Tom Colligan

personal review /ˌäptəməˈzāSH(ə)n/ • the process of examining your workflow to resolve blockers

Some years ago, I noticed that my deep learning workflows all had one thing in common: It was near impossible to reproduce every experiment I ran without a lot of work. I kept good notes but sometimes what you really need is the exact code of your experiment, plus a description. Ideally, you’d track everything on Git, but paths change, data loaders evolve, and minor tweaks like adjusting n_layers from 10 to 12 don’t always fit neatly into version control.

To solve this, I wrote a templating library for DL projects that kept track of every experiment automatically. This saved me hours of time and significantly improved reproducibility [^1].

I noticed this pain point while I was doing a periodic review of my workflows, something I started in grad school. I find that it’s pretty easy to examine common work patterns and find bottlenecks.
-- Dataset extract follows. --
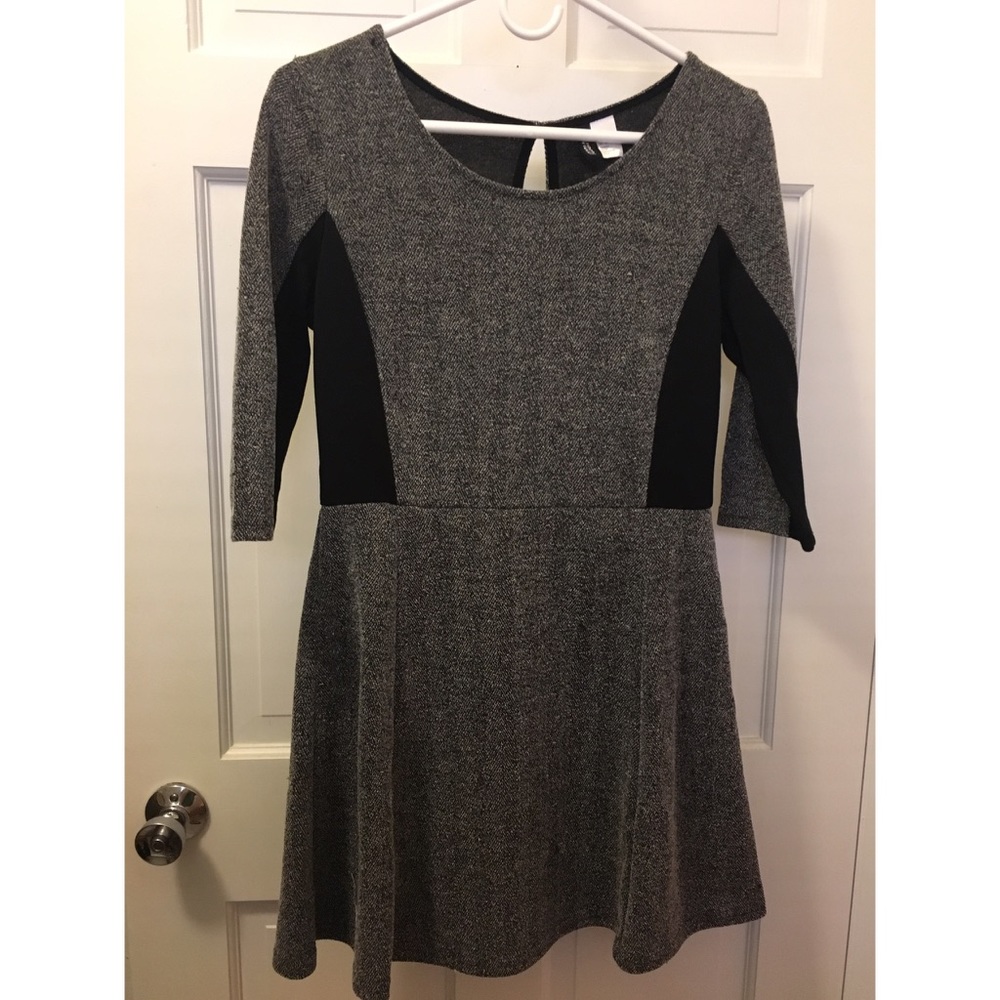 Cute skater dress from H&M 🐺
Sometimes these bottlenecks are technical (e.g., how can I automatically sync files to a cluster), or mental (e.g., consistently getting stuck in a particular phase of a project).

Technical ones are easier to find and solve, mental ones less so. My rule of thumb is to spend a few hours doing this every month or so. It almost always leads to greater efficiency, exposure to new tools, and a fresh perspective on old problems.

[^1] There are many solutions to this problem. It’s often not necessary to roll your own solution. Part of a successful review process is finding relevant software to apply to your blockers.